|Intro||English actor and comedian|
|Type|| Film, TV, Stage, Radio|
|Birth||14 October 1965, Middleton, United Kingdom|
Stephen John Coogan (/ˈkuːɡən/; born 14 October 1965) is an English actor, voice artist, comedian, screenwriter, and producer. He began his career in the 1980s as a voice actor on the satirical puppet show Spitting Image and providing voice-overs for television advertisements. In the 1990s, he began creating original characters. In 1999, he co-founded the production company Baby Cow Productions with Henry Normal.
While working with Armando Iannucci on On the Hour and The Day Today, Coogan developed the character of Alan Partridge, a socially inept and politically incorrect media personality. Partridge has featured in several television series and the 2013 film Alan Partridge: Alpha Papa. Coogan grew in prominence within the film industry in 2002, after starring in The Parole Officer and 24 Hour Party People. He portrayed Phileas Fogg in the 2004 film Around the World in 80 Days and co-starred with Rob Brydon in The Trip, The Trip to Italy, The Trip to Spain, and A Cock and Bull Story.
Coogan has also played dramatic roles, including What Maisie Knew (2012), and portrayed Paul Raymond in the biopic The Look of Love (2013) and Stan Laurel in Stan & Ollie (2018). In 2013, he co-wrote, produced, and starred in the film Philomena, which earned him nominations at the Golden Globes and BAFTAs, and the Academy Awards for Best Adapted Screenplay and Best Picture.

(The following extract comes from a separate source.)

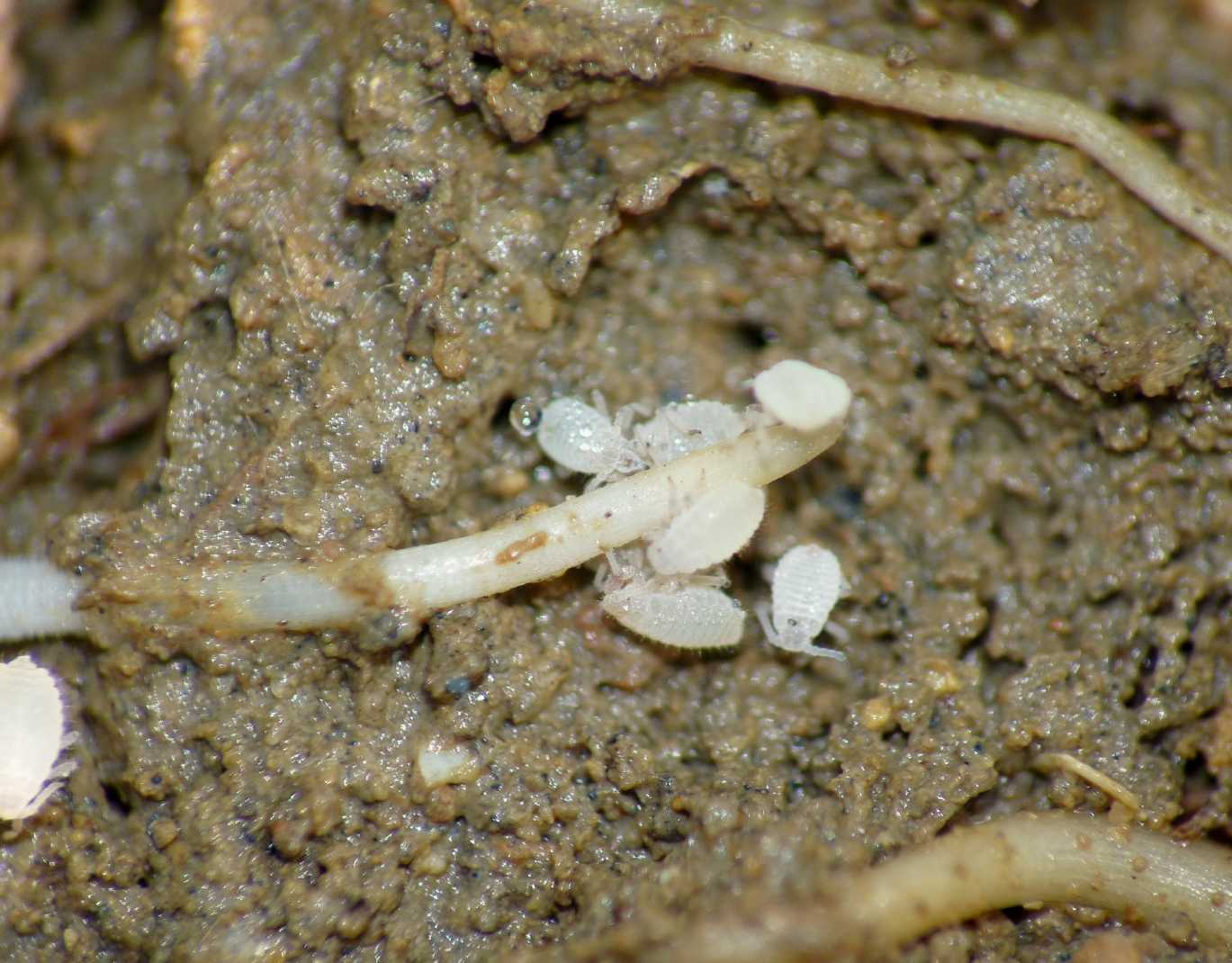 Aphididae ospiti delle formiche Pheidole pallidula: Geoica cfr pellucida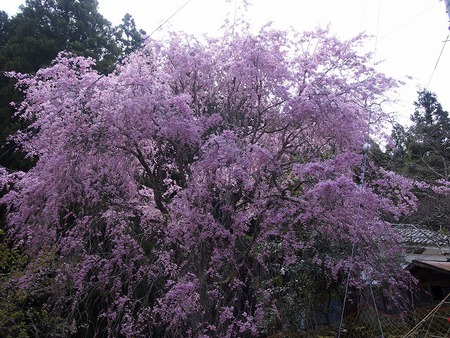 桃原の桜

Stephen John Coogan was born on 14 October 1965 in Middleton, Lancashire, the son of housewife Kathleen (née Coonan) and IBM engineer Anthony Coogan. He has four brothers and one sister, and was raised Roman Catholic in a “lower-middle or upper-working class” family which emphasised the values of education. His younger brother, Brendan, went on to present Top Gear, while his elder brother, Martin, became the lead singer of the rock band The Mock Turtles. Coogan’s mother is Irish and hails from County Mayo, while his father is also of Irish descent. During the 1950s, his paternal grandfather established a dance hall for Irish immigrants. Coogan attended Cardinal Langley Roman Catholic High School. He has stated that he had a happy childhood, and his parents fostered children on a short-term basis. As a family, it was assumed that all the children would become teachers. Coogan had a talent for impersonation and wanted to go to drama school, despite being advised by a teacher that it could lead to a precarious profession. After five failed applications to various drama schools in London, he received a place at the New Music theatre company before gaining a place at the Manchester Polytechnic School of Drama, where he met future collaborator John Thomson.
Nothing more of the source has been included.